The discriminator and generator of CTGAN consist of fully connected layers, with the layer dimensions of both the generator and discriminator fixed, regardless of the input feature dimensions. As a result, the number of parameters and FLOPs remain consistent across both high-dimensional and low-dimensional datasets. The CTABGAN model converts tabular data into images, causing FLOPs to increase quadratically with input dimensions. For NSL-KDD, with one-hot encoding resulting in 123 dimensions, FLOPs reach approximately 6.0 G, while for CIC-IDS2017, with 78 input dimensions, FLOPs drop to around 3.1G. In M2M-VAEGAN, the model structure consists of 1D convolution and fully connected layers, and its complexity is linearly related to the input dimensions. For NSL-KDD, the model has 5.2 M parameters and 18M FLOPs. For CIC-IDS2017, the parameters decrease to 3.3 M (a 37% reduction) and FLOPs to 10 M (a 44% reduction).

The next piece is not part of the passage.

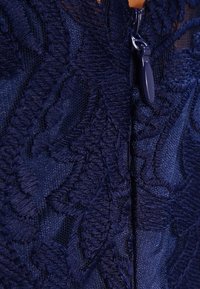 Lähikuva tummansinisestä kankaasta, jossa on monimutkaista kukka-ompelua ja yhteensopiva tummansininen vetoketjun vetotappi.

Thus, CTGAN is suitable for high-dimensional data and resource-limited scenarios. CTABGAN is more appropriate for low-dimensional data, particularly in tasks where high generation quality is required. M2M-VAEGAN strikes a good balance between complexity and performance and performs excellently in comparison experiments. Furthermore, if training a generative model is not required, the traditional SMOTE method remains the preferred choice.

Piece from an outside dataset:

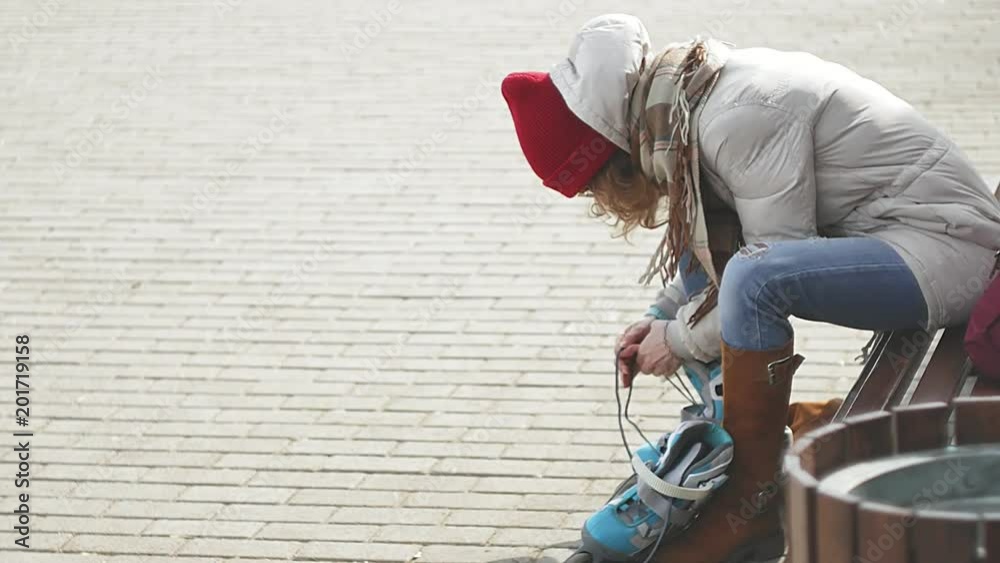 Young beautiful woman in sporty warm clothes and rollers, sitting on a wooden bench and dresses roller skates getting ready with skating Young beautiful woman in sporty warm clothes and rollers, sitting on a wooden bench and dresses roller skates getting ready with skating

5.4.4. Comprehensive Evaluation Compared with Other IDS
In the comparison with other IDS models (see
Section 2.1), we used the NSL-KDD and CIC-IDS2017 datasets and referenced performance metrics reported in the related literature to produce the experimental results shown in
Table 17 and
Table 18. All compared methods employed data augmentation techniques to improve intrusion detection performance, ensuring consistency in the technical background and research objectives of the experiments. Additionally, we consistently adopted Precision, Recall, F1-score, and Accuracy as evaluation metrics and carefully selected studies with detailed experimental setups and well-documented data sources to ensure the credibility and comparability of the results.
In
Table 16, the performance of M2M-VAEGAN-IDS on the NSL-KDD dataset is well-balanced, with Recall of 82.93% and F1-score of 82.40%, significantly outperforming other models. This indicates that it demonstrates a balanced classification ability for both majority and minority classes. In comparison to KGMS-IDS, although KGMS-IDS has a higher Accuracy of 86.39%, its Recall of 70.22% and F1-score of 71.49% are lower, suggesting that the model may be overly biased toward the majority class. The F1-score of KGMS-IDS is higher than that of our model, but its Recall is noticeably lower, indicating that its overall performance is not sufficient to handle complex class imbalance tasks. This suggests that M2M-VAEGAN-IDS still has room for improvement.
In the CIC-IDS2017 dataset, M2M-VAEGAN-IDS stands out with an Accuracy of 99.46%, Recall of 99.45%, and F1-score of 99.45%, outperforming all the other models and demonstrating exceptional overall performance. Transformer-CNN shows slightly lower Accuracy of 99.22% and Recall of 99.13%, indicating that its generated data quality is somewhat insufficient. However, it still performs better than other models.